Hi!
My question is, is it possible to implement in an upcoming service pack for windows 7 (let's say SP2) to make multiple logins to the same machine? Let's say one has a family with children who regularly use only less demanding applications like internet browsers,
word processors, youtube, media players, or someone jumping over to play a dead old game. One would rightfully ask, why is there a need of 2-3-4 entry level solutions (nettops for instance)? Any mainstream computer could handle 4 instances of a browser, media
player, word processor, mail client, messenger app, etc. all at once. Is it not possible to be able to hook up multiple keyboards, mice and displays to a Windows machine and have multiple people log in without the need of thin clients? (I know it's not possible,
but is it possible to implement in a future SP (or Win8) ?)
It would be real nice if one could lock hooked up devices to a User on the OS, and one could just sit down to a monitor, turn it on and have a separate login screen waiting there while someone else is using the machine at the same time.
I have opened a similar thread before asking the same thing with virtualisation technologies. An infinately basic solution to this problem is achievable through virtualisation technologies (VMWare or VirtualBox) but the main issue is that the input and the
display lag way too much.

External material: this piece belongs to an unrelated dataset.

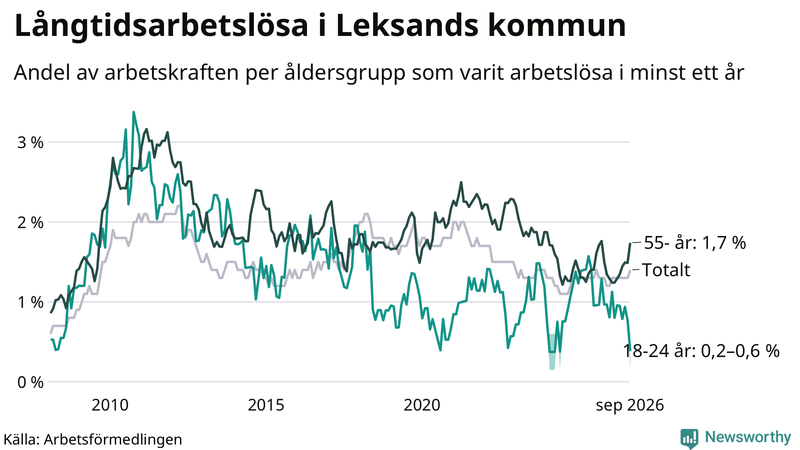 Graf: Andel arbetslösa uppdelat i åldersgrupper i Leksand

Even the simplest OpenGL or DirectX (DirectDraw even) is incapably slow, due to all GPU driver calls have to pass through an intermediate driver of the virtual machine who does a translation to the host driver. The other problem is,
that GPU accel to flash and all sorts of driver related funcionalities to all devices are lost, due to the virtual drivers inside the guest OS. If the multiple login capability would be integrated into Windows, there would be no need of virtual intermediate
drivers, all users could access all devices through the regular drivers. (One weak spot remains, compared to virtual machines: restarting the OS ends all running sessions, but we could live with that.)